I went to see some office space for Chhandika a couple of days ago. I dream of having an office for the organization. Not only to get the boxes of papers, brochures, flyers, video footage and other stuff out from under my bed and my scant storage space, but because I feel the organization will never be able to make it to the next level without a space to call its own, a space in which to greet visitors and possible donors, in which to welcome volunteers, in which to centralize our books, our video, our marketing materials, our production materials. We are too physically scattered now to be as efficient as we’d like.

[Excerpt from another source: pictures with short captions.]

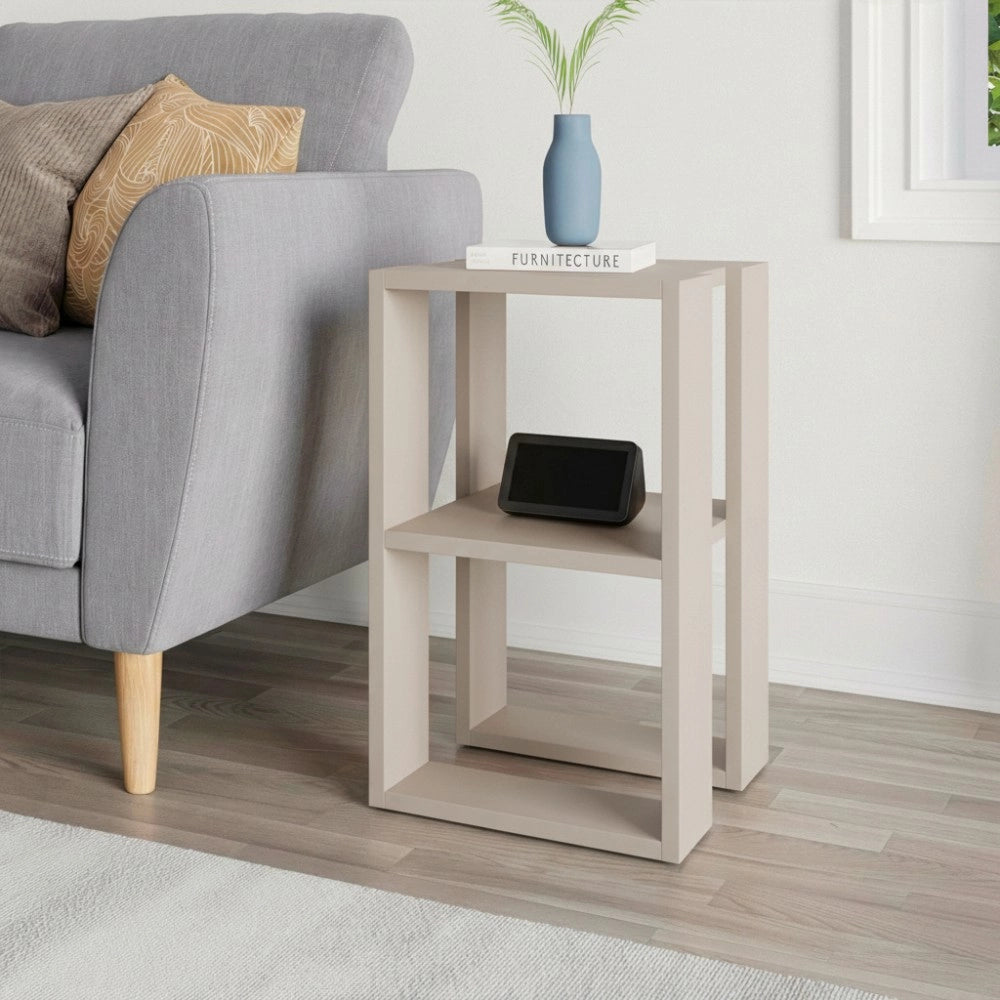 Comodino due ripiani Lonie 34x30x55h colore cashmere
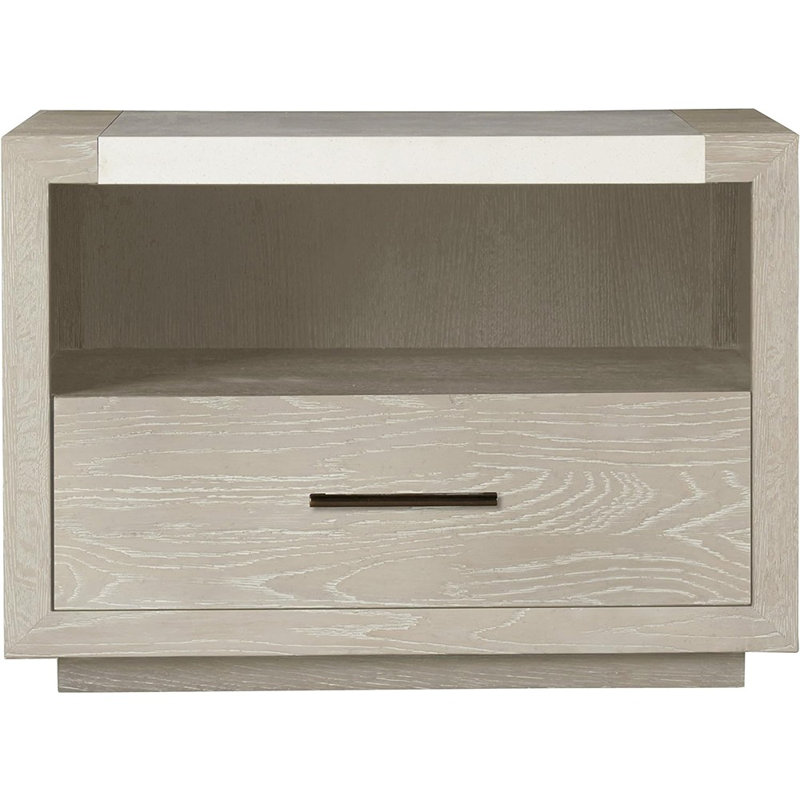 1 - Drawer Nightstand, Gray/White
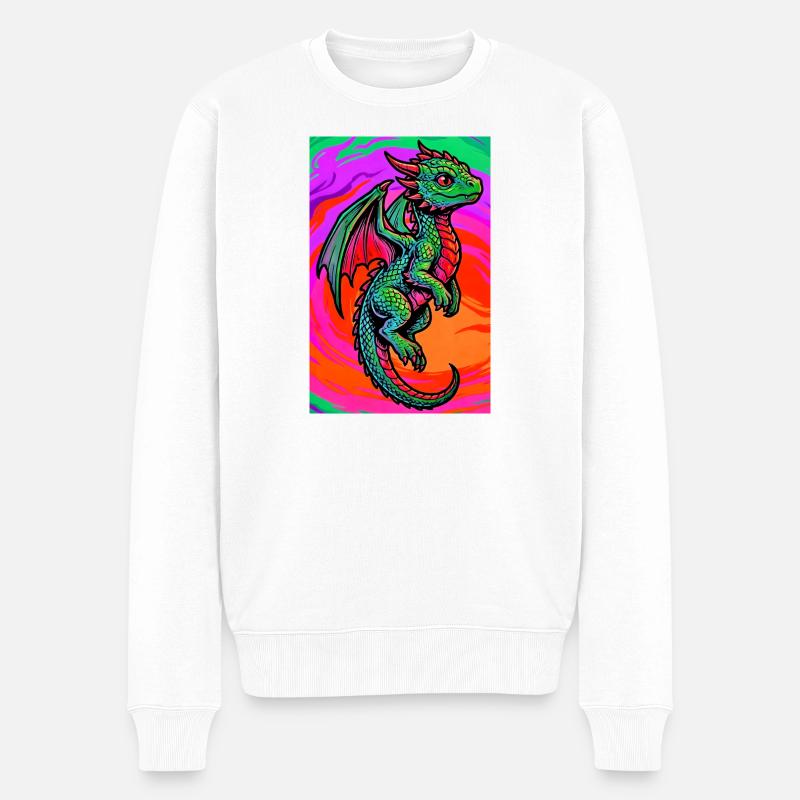 Drache - Männer Premium Bio Pullover - Weiß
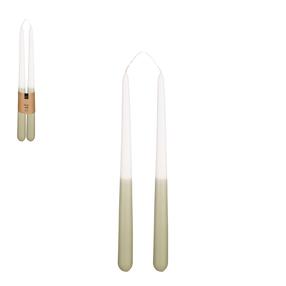 Žvakė, kūginė, 9 h, 2 vnt., Balta/Žalia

So I have been looking at office space. One place, for rent last year at the end of my street, and conveniently located just a block from where we hold many of our kathak dance classes, looked perfect. A storefront space, large enough to house a couple of desks, a round meeting table with chairs, some bookshelves, a comfortable armchair, a rug or two, some wall hangings from India, a display of photos and quotes from our events, with storage space for costumes, dance bells, instruments. It was so easy for my mind to fill it, to furnish it, to turn it into a warm, inviting, practical, useful space. I could hear the strains of a sarod, smell the masala chai. But the rent was too high. (And yet. The group that did sign a lease is some esoteric, avant garde art group of sorts, which draws the curtains across the storefront and periodically opens them to allow passers by a view of a pyramid of unlabeled tin cans, or an abstract design of cotton balls strewn across the white floor. Right now there is a gilded television set displaying static. How this group has the money to pay $850 per month in rent, while Chhandika, with over 70 dance students, would struggle to pay half as much, is beyond me.)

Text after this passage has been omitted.